Redazione Nove da Firenze

L'articolata ed enigmatica estetica di Rauch, che mescola (spesso nello stesso dipinto) elementi e paesaggi tratti dal figurativismo e dal romanticismo tedesco con gli stilemi del realismo di stampo socialista e le forme astratte e primordiali del surrealismo, si fonde dunque con l'ariosità geometrica delle architetture e delle decorazioni di Palazzo Pitti, creando un'alchimia visiva unica. Unicità arricchita dal fatto che Rauch ha creato, nel tempo, svariati dei dipinti oggi in esposizione pensando specificamente agli spazi della reggia: un'idea che all'artista era venuta proprio dopo aver visitato la fastosa residenza dei Granduchi. Protagonista della mostra è anche un autoritratto, che Rauch, per quest’occasione, ha deciso di donare alle Gallerie degli Uffizi: entrerà a far parte della storica collezione di questo tipo di opere custodita nel complesso museale.

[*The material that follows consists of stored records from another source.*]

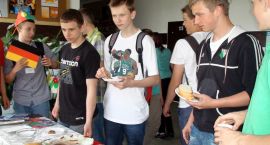 zdjęcie nr 14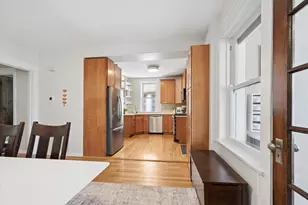 4855 N Washtenaw Ave, Chicago, IL 60625 - Photo 13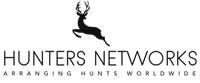 Hunters Networks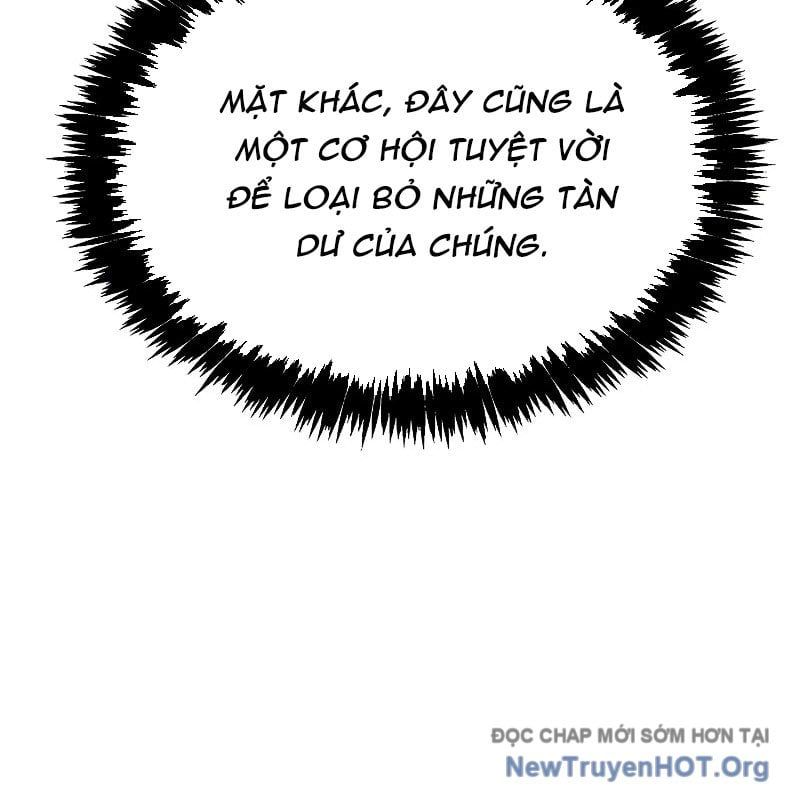 Chapter 191 trang 162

"Neo Rauch è senza alcun dubbio uno dei più influenti artisti tedeschi viventi - commenta il direttore Eike Schmidt - e oggi gli Uffizi sono fieri per due motivi: innanzitutto, di essere il primo museo italiano a ospitare una rassegna monografica a lui dedicata; in secondo luogo, perché abbiamo il raro onore di accogliere opere concepite proprio per Palazzo Pitti. E così l'architettura e le decorazioni del primo Ottocento che caratterizzano l'Andito 'avvolgono' forme mutevoli e lo stile composito, modernissimo, del maestro; con grande naturalezza, si uniscono e amalgamano la grande storia e la grande contemporaneità".

"Quando sono stato per la prima volta, in queste sale in Palazzo Pitti mi sono sentito subito a mio agio - aggiunge lo stesso Rauch - hanno un carattere intimo, come si conviene a un appartamento di un palazzo, hanno una bella coloritura. Qui lo spazio contribuisce alla pittura, lo spazio è esso stesso una pittura".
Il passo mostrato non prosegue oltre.